[[ DATA EXCERPTS open ]]

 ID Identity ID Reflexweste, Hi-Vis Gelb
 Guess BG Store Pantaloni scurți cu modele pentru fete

[[ DATA EXCERPTS closed ]]
[[ DATA EXCERPTS open ]]

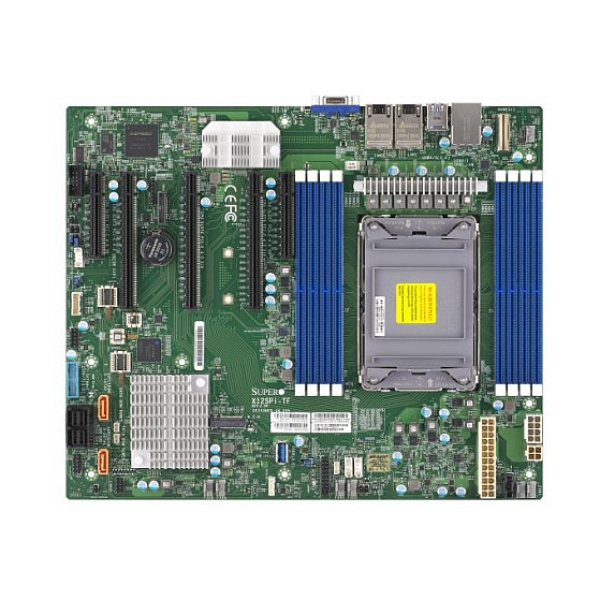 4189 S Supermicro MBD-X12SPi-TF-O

[[ DATA EXCERPTS closed ]]

REQUIRED WORK:
In the listing above, start at the line with "ID Identity ID Reflexweste, Hi-Vis Gelb", go on through the line with "Guess BG Store", and copy each of those lines exactly; leave out all the rest.

EXPECTED ANSWER:
 ID Identity ID Reflexweste, Hi-Vis Gelb
 Guess BG Store Pantaloni scurți cu modele pentru fete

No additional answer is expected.